We don't mean to beat up on Adam Sandler, really we don't. But you know that thing he does where he uses his box-office clout to greenlight silly movies for his friends? Well, the good intentions that let Rob Schneider make two "Deuce Bigalow" movies are back in force with this Kevin James comedy, which finds a bunch of captive animals acting as Cupids to help their beloved keeper get lucky. The trailer makes it look like "Paul Blart, Mall Cop" meets "Madagascar" -- with Sandler, Sylvester Stallone and Cher supplying the voices of the digitally enhanced animals, and James looking awfully freaked out. Can't blame him, really.
One for the Money (July 8)
Katherine Heigl's latest quirky romantic comedy casts her as a newbie bail bondswoman whose first case is ex-boyfriend Jason O'Mara. And let's not mince words: It sounds straight-up horrible, as though Heigl saw "Ugly Truth" co-star Gerard Butler in "The Bounty Hunter" and decided she wanted to make a movie just like it -- though we can't imagine why anyone would want to make a movie just like "The Bounty Hunter." Which is why this movie isn't at the top of our must-see list. Really, is it at the top of anyone's?
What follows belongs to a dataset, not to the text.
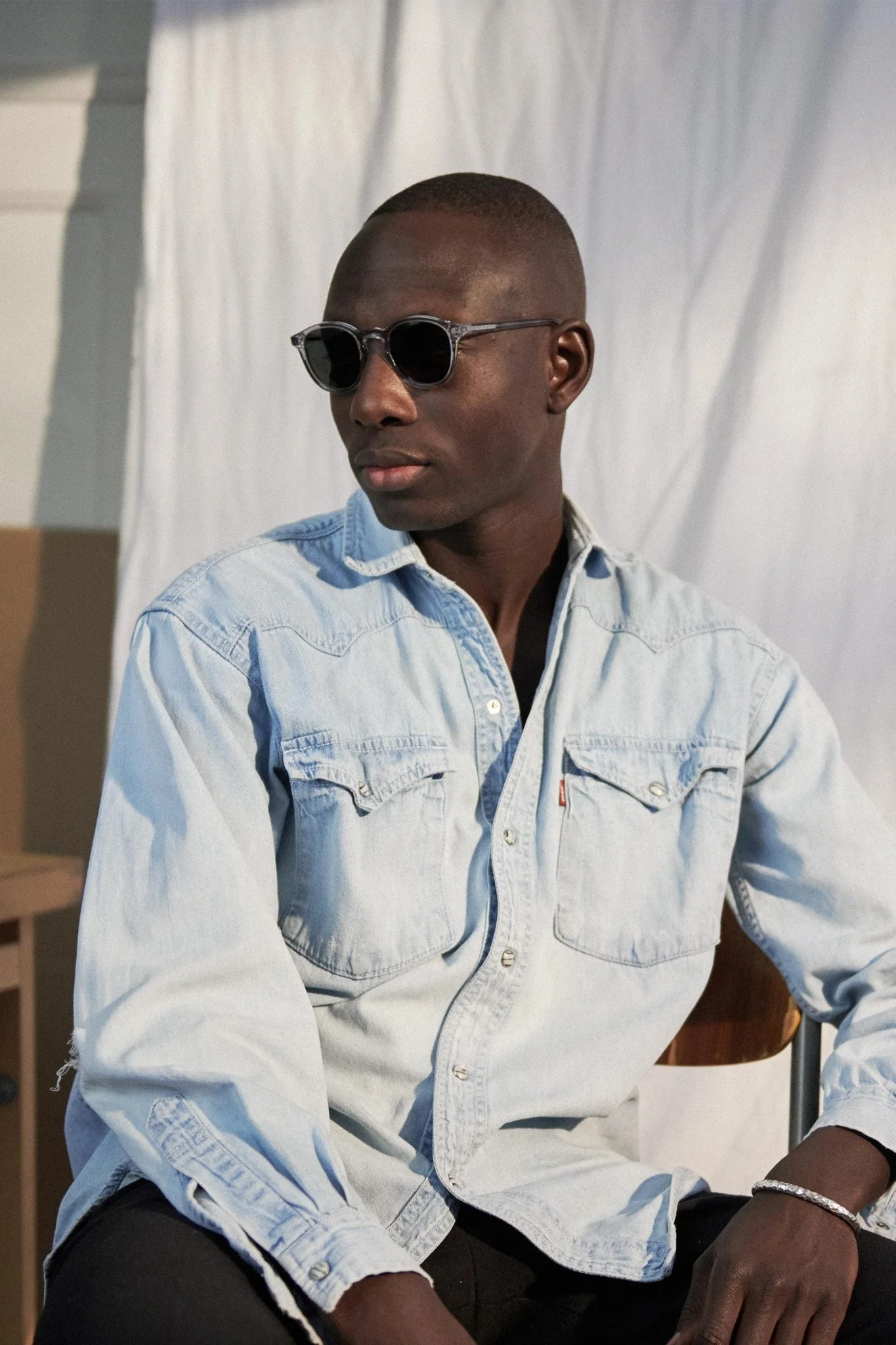 Nelson / Grey Crystal Acetate & Grey Lens - Image 5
Alvin and the Chipmunks 3D (December 16)
Do you think Justin Long wakes up screaming when he realizes he's contractually obligated to make another one of these things? Anyway, he's making another one of these things. At press time, nothing was known of the film beyond its release date, but given that the previous films starred Jason Lee and Zachary Levi, we're hoping this one casts their NBC stablemate Donald Glover ("Community") as the munks' latest caretaker -- he was the Internet's choice to play Spider-Man, you know!